Get data into Label Studio by importing files, referencing URLs, or syncing with cloud or database storage. 

- If your data is stored in a cloud storage bucket, see [Sync data from cloud or database storage](storage.html).
- If your data is stored in a Redis database, see [Sync data from cloud or database storage](storage.html).
- If your data is stored at internet-accessible URLs, in files, or directories, [import it from the Label Studio UI](#Import-data-from-the-Label-Studio-UI).
- If your data is stored locally, [import it into Label Studio](#Import-data-from-a-local-directory).
- If your data contains predictions or pre-annotations, see [Import pre-annotated data into Label Studio](predictions.html).

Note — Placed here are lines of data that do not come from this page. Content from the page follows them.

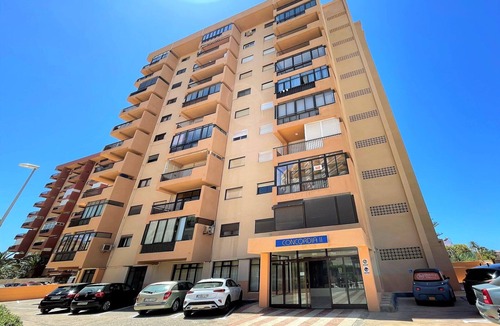 Roquetas de Mar Apartment | Mountain-View Apartment by Sea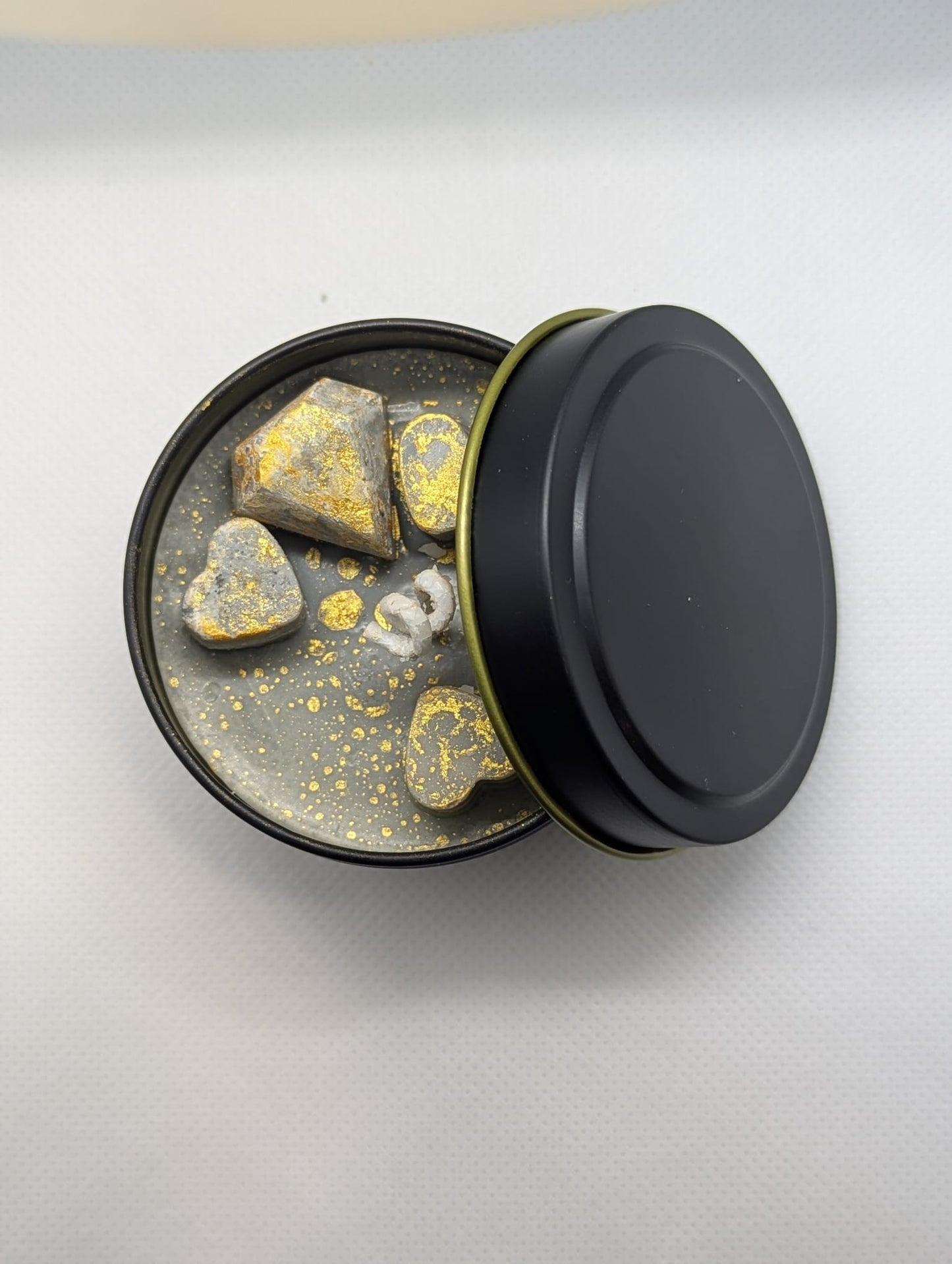 Oudh Chuo Candle | Hand-Poured Luxury with Clean Soy Wax | Elegant Gift for Mother, Friend or Teacher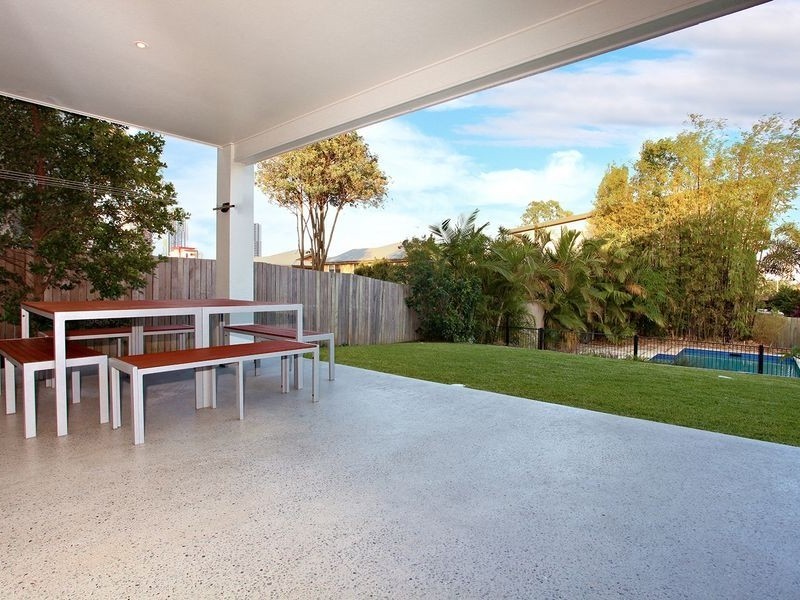 6 Graham Street, Southport QLD 4215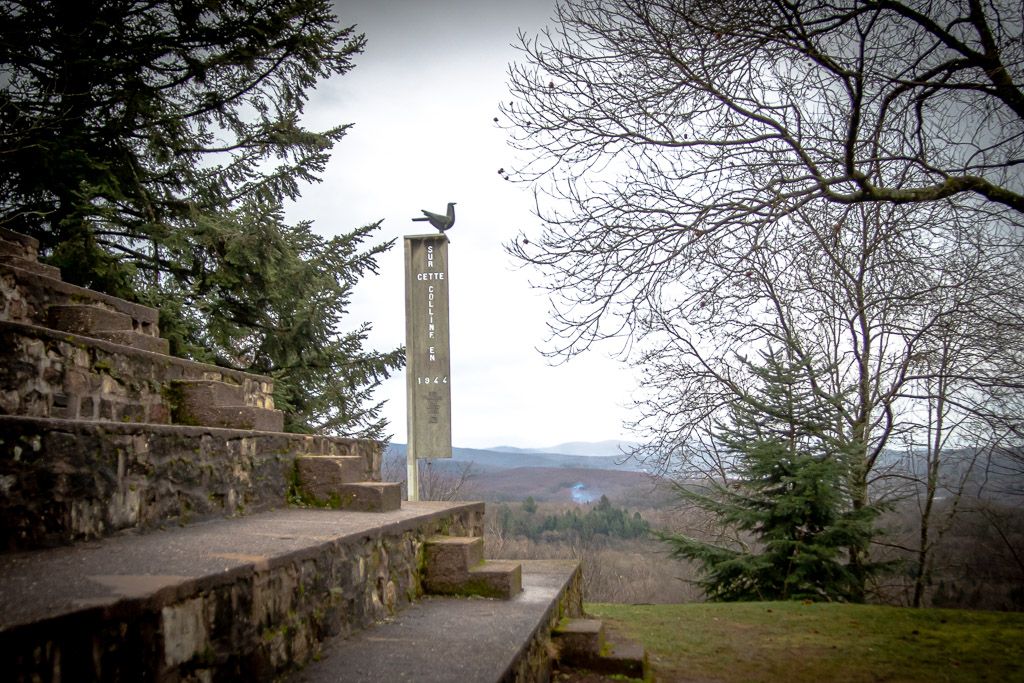 Étonnante cette chapelle de Ronchamp, vous ne trouvez pas?  Du haut de sa colline, elle offre des vues panoramiques sur le massif des Vosges... #architecturelovers #massifdesvosges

## General guidelines for importing data

* It’s best to keep about 100k tasks / 100k annotations per project for optimal performance.
* Avoid frequent imports because each new import requires lengthy background operations. One import per 30 seconds will work without overloads.

!!! attention 
    For large projects or business critical projects, do not [upload media files through the Label Studio interface](#Import-data-from-the-Label-Studio-UI). This is especially true for files such as images, audio, video, timeseries, etc.

    Uploading data through the Label Studio UI works fine for proof of concept projects, but it is not recommended for larger projects. Label Studio is not designed as a hosting service at scale and does not have backups for imported media resources. 
    
    **Risks when uploading through the UI**:<br />
    You will face challenges when attempting to do the following: 

        * Importing tasks with predictions
        * Exporting your data
        * Moving your data to another Label Studio instance 
        * Redeploying Label Studio

    We ***strongly*** recommend that you configure [source storage](storage) instead.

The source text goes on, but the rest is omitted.